More recently, a Toronto businessman purchased the hotel in 2014 with $8 million plans to turn the hotel into an upscale Wyndam, which never came to fruition.
Implosion plans
The county commission authorized the purchase of the property in January and, at a Nov. 19 meeting, the board approved $2.475 million for South Carolina-based Target Contractors LLC to carry out the demolition.
Chris Floore, Macon Bibb-County spokesperson, said the building, which has been vacant for over a decade, cannot be refurbished because of damage and the inability to bring former hotel rooms up to code.
It would be impossible to add central heating and air to these rooms or add new appliances, which are just some of the requirements needed to convert the hotel into proper housing, he said.
“Starting fresh on a big piece of property, we have a chance to have two big developments to aid the community and downtown area,” Floore said.
With no foreseeable revitalization for the existing building, the late NewTown Macon President and CEO Josh Rogers told The Melody in an interview last month that he was glad the county took the initiative on the project.
“There’s really nothing worse than an empty building,” he said. “It’s a terrible option to leave that giant building sitting there empty, especially when it’s in such a fantastic location.”
The vacant property could have passed through the hands of several owners and stalled in development if it weren’t for the county, he explained.
Given the property’s “strategic location,” Rogers expected it wouldn’t sit empty for long and would most likely be repurposed for the hospitality sector.
A 2019 study conducted by a third party hospitality analytical company reported that Macon’s core downtown area could sustain 500 more hotel rooms, Gary Wheat, president and CEO of VisitMacon, told The Melody.
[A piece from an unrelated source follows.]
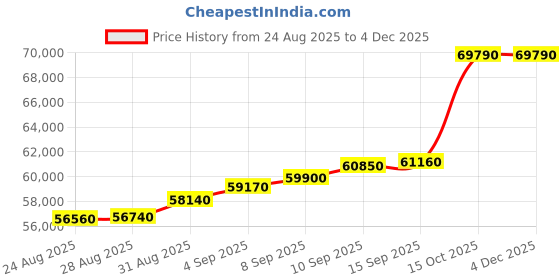 tatacliq.com c. krishniah chetty group C. Krishniah Chetty 18k Gold Heart Motif Bracelet with White Zircon for Women c. krishniah chetty group Price History Graph from 24 Aug 2025 to 3 Dec 2025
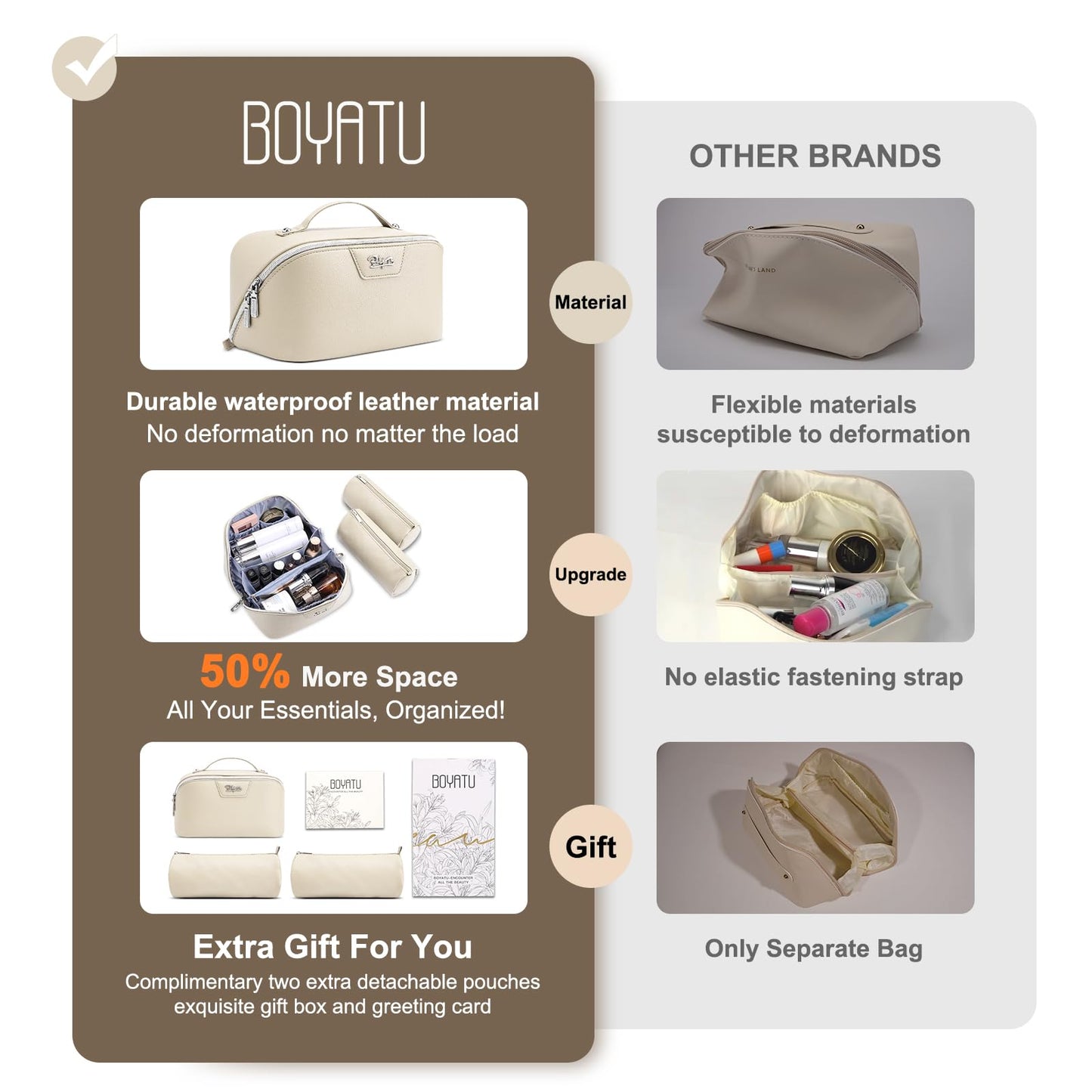 BOYATU Travel Makeup Bag Cosmetic Bags for Women: Large Capacity 3 Pcs Set Make up Bag with Compartments - Waterproof Vegan Leather Toiletry Organizer Bags with Handle (L27Off-white)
That initial analysis contributed to the development of Hotel 45 and the Woodward Hotel downtown. Downtown currently has a little more than 100 hotel rooms, Wheat said.
A follow up analysis completed in recent weeks reaffirms the need for more hotel rooms, especially with the growth of downtown and the potential establishment of Georgia’s first national park in East Macon, Wheat said.
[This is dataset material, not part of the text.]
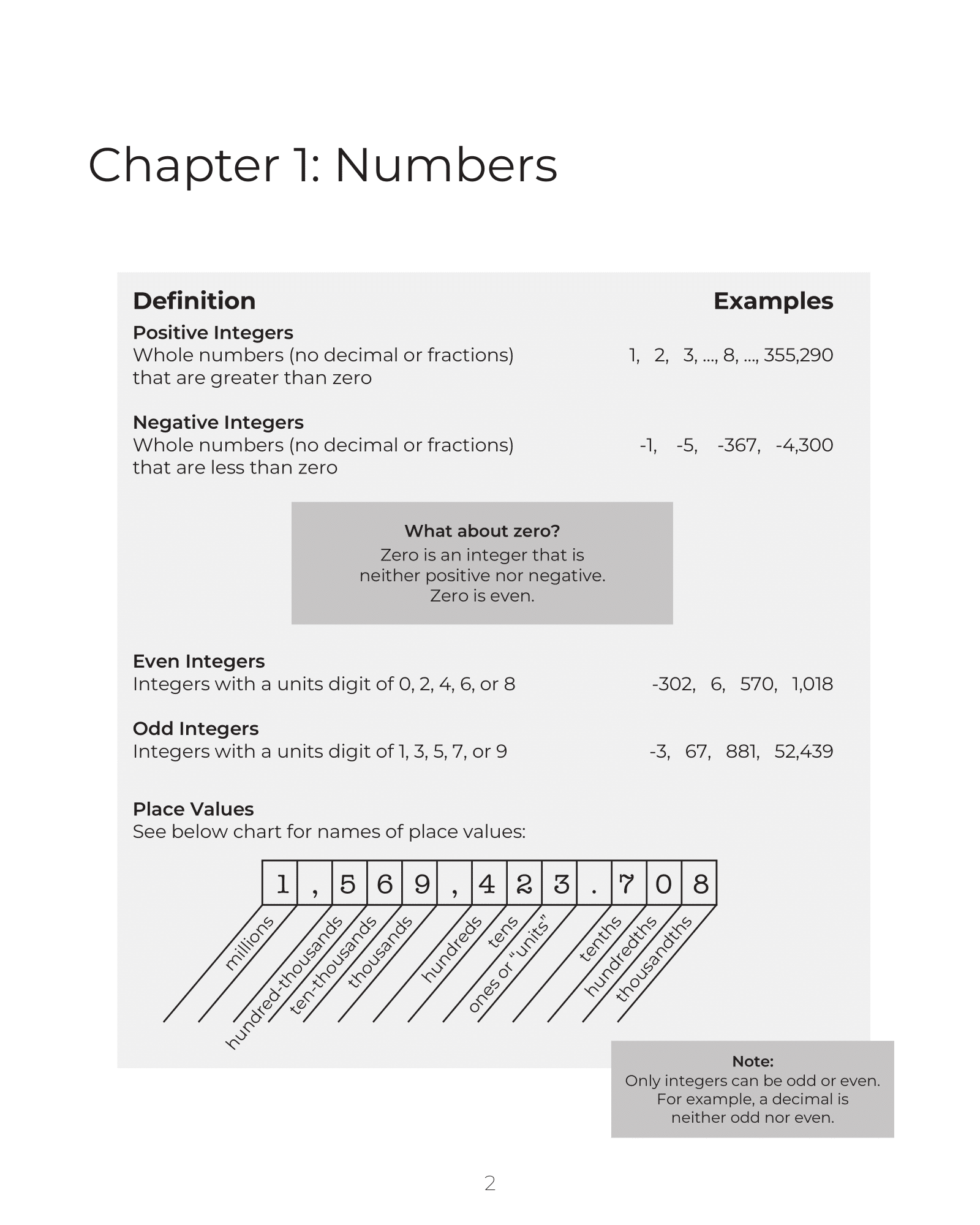 Irrational vs rational numbers, undefined expressions, zero rules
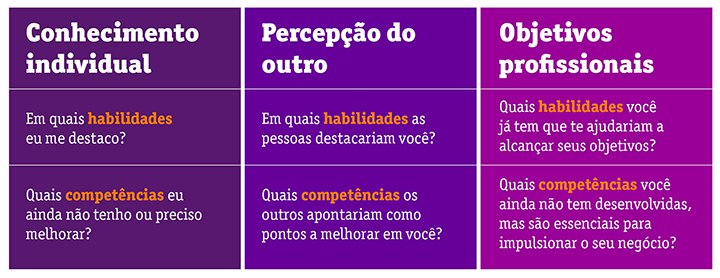 Conhecimento individual Percepção do outro Objetivos profissionais Em quais habilidades eu me destaco? Em quais habilidades as pessoas destacariam você? Quais habilidades você já tem que te ajudariam a alcançar seus objetivos? Quais competências eu ainda não tenho ou preciso melhorar? Quais competências os outros apontariam como pontos a melhorar em você? Quais competências você ainda não tem desenvolvidas, mas são essenciais para impulsionar o seu negócio?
Not only did he believe the county made the best economic decision in giving the property a new beginning, but Rogers said the purchase and planned implosion of the abandoned building offers a spark of hope.
“The county’s betting on ourselves again. We know we can make this right,” he said. “Revitalizing downtown is something that Macon has done for Macon.”
The county has begun planning safety and cleanup with Target Contractors, and plans to release more details, such as how to watch and traffic impact, in the coming weeks.
Melody reporters Casey Choung and Laura Corley contributed to this story.